A Review (of sorts) of an Obituary.
A Farewell to Gabo and Mercedes by Rodrigo Garcia.

This book came today and I finished reading it in one sitting, not just because it is a small book but also because I thought it deserved to be read in one go. It’s a book of memories, not an obituary, but it felt like one and an extremely personal one too. Rodrigo Garcia is extremely aware of the thin line he has to tread while writing about the days leading to and after the death of one of the greatest literary geniuses of his century, albeit it’s his father. He knows that ‘whatever he writes concerning his last days can easily find publication, regardless of its quality’.
It was always a given that the death of Marquez would be a public affair and that will be something which the famously private family would have trouble dealing with. However there is one scene which Rodrigo mentions which gives us an insight of how well respected and loved the couple were. On the days leading to Marquez’s demise, there were people always waiting outside his house. The family used to get in and out by a garage gate which was a bit more private. However, on this day that gate was stuck and Mercedes Barcha, Marquez’s wife, had to use the more public front door. ‘As she stepped out of the car, the street fell dead silent in a spontaneous and remarkable show of respect’.
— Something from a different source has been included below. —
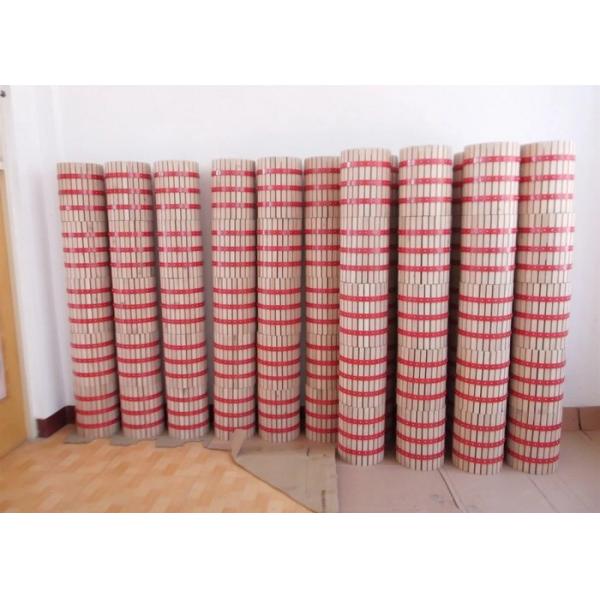Manual Fruit Processing Machine , Fruit Press Machine With Wood Bucket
Marquez’s work is not alien to death, misery and darkness. In fact a lot of his books deal with sombre themes. But for someone who writes long winding pages about seemingly trivial stuff, he always wrote death in his stories in sudden and inconspicuous passages; probably like death itself. In one Hundred years of Solitude, he talks a lot about how Jose Arcadio Buendia (the patriarch) was going about during his final days, but then you might miss the sentence which spoke about his death if you were skimming through the novel. In Chronicle of a Death Foretold, the story starts with the death of the character and in the novella everything except the death is meticulously explained. Rodrigo remembers asking his eighty year old father how it’s like being eighty. Marquez replies that he feels that the end is near, and that it makes him immensely sad. While Marquez was researching for his memoir, he found that quite a lot of his friends have died in the recent years and he jokes that, “A lot of people are dying that weren’t dying before.”
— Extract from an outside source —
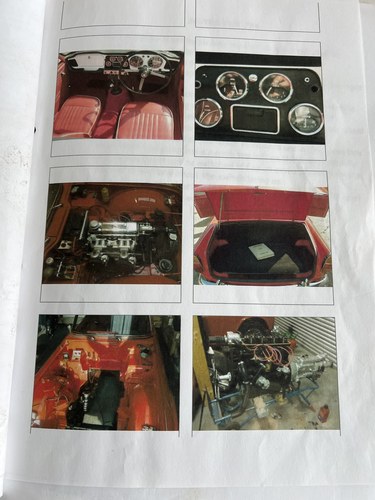 1962 Triumph TR4 Surrey Top zum Verkauf (Bild 251 von 253)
I remember sitting in a railway station and reading an article about Marquez’s dementia and how he has a tough time acknowledging that. For him his memories are his raw materials and without them he has nothing to write. There are passages in this book about how he was coming to terms to this cruel truth. At one point he mentions, “I’m losing my memory, but fortunately I forget that I’m losing it”. Another time when his secretary asks him why is he standing alone in the middle of the garden lost in thought he says, “I’m crying but without tears. Don’t you realise that my head is now shit?”.
There is this anecdote about how during Marquez’s memorial the Mexican President mentioned about Mercedes as the widow, which pissed her off. She tells her sons that “I am not a widow. I am me”, and that she would tell the first available journalist that she is planning to re-marry as soon as possible. The books paint a beautiful picture of not just Marquez but Mercedes and how independent and feisty she was, how she loved her life and how strong her opinions were.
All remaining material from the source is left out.